Perhaps I am foolish for wanting something more.
A quick review of their corporate website and subsequent Google search sheds very little light on the brand’s philanthropic efforts. The parent company, L Brands, mentions work in the communities where they are in but no specifics. I ask myself, “How are there no details?” I then ask the important consumer purchasing power follow up question, “Does the Victoria Secret customer care?” I may be saddened by the answer.
Regardless, I would suggest a partnership with young girls education and positive self-image efforts may be suitable. Maybe they are keeping such energies a secret. Is that it?
Perhaps I can’t let go of drastic errors in judgment from the brand.

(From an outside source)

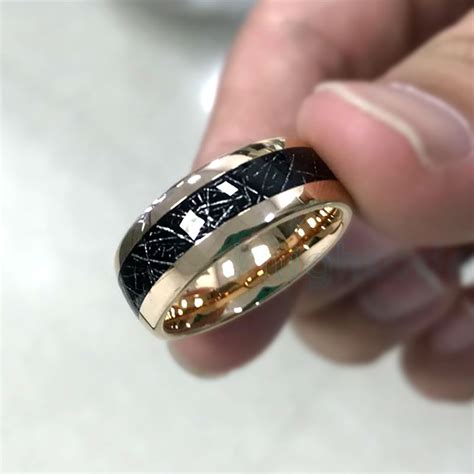 8mm Rose Gold Dome Tungsten Carbide Ring Inlaid with Black Meteorite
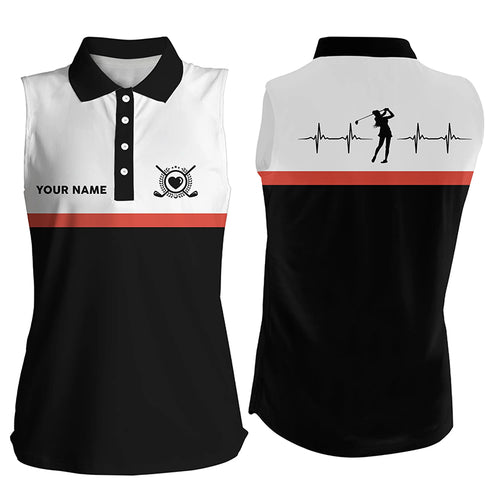 Golf Heart Beat Black Orange Sleeveless Polo Shirts Custom Name Golf Shirts For Women Golfing Gifts LDT0384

Do you remember the 2012 show’s inclusion of a Native American headdress as a costume and the brand’s subsequent apology? For those who ask what’s the big deal the following quote says everything required.
"We have gone through the atrocities to survive and ensure our way of life continues," Navajo Nation spokesman Erny Zah said in an interview Monday. "Any mockery, whether it's Halloween, Victoria's Secret -- they are spitting on us. They are spitting on our culture, and it's upsetting."
How Victoria’s Secret executives approved this is unfathomable to me. Multiple people would have not only reviewed the proposed use of the cultures artifacts, they would have had to approve it. After the backlash, the brand was quick to say, “We are idiots,” (really it was along in the lines of, “We didn’t intend to insult any culture. We are sorry that we did.”)
Earlier this year critics scoffed at the “perfect body” advertisements promoting the brands latest product. If you follow my blog, you’ll know how I feel about that word. An inclusion of “perfect” regarding a woman's body in lingerie is bad taste. Speaking from personal experience it’s hard enough to feel good in your skivvies let alone feel perfect. Too far.
We should celebrate (and sell well-fitted lingerie to) all human bodies not just the societal perceived ideal body type. It is potentially damaging for women’s self esteem, positive self worth and it’s equally harming to men. The notion of a perfect anything is confusing, unattainable and entirely subjective. I’m disappointed.
So two huge strikes for me. Do you think the brand will give me a third?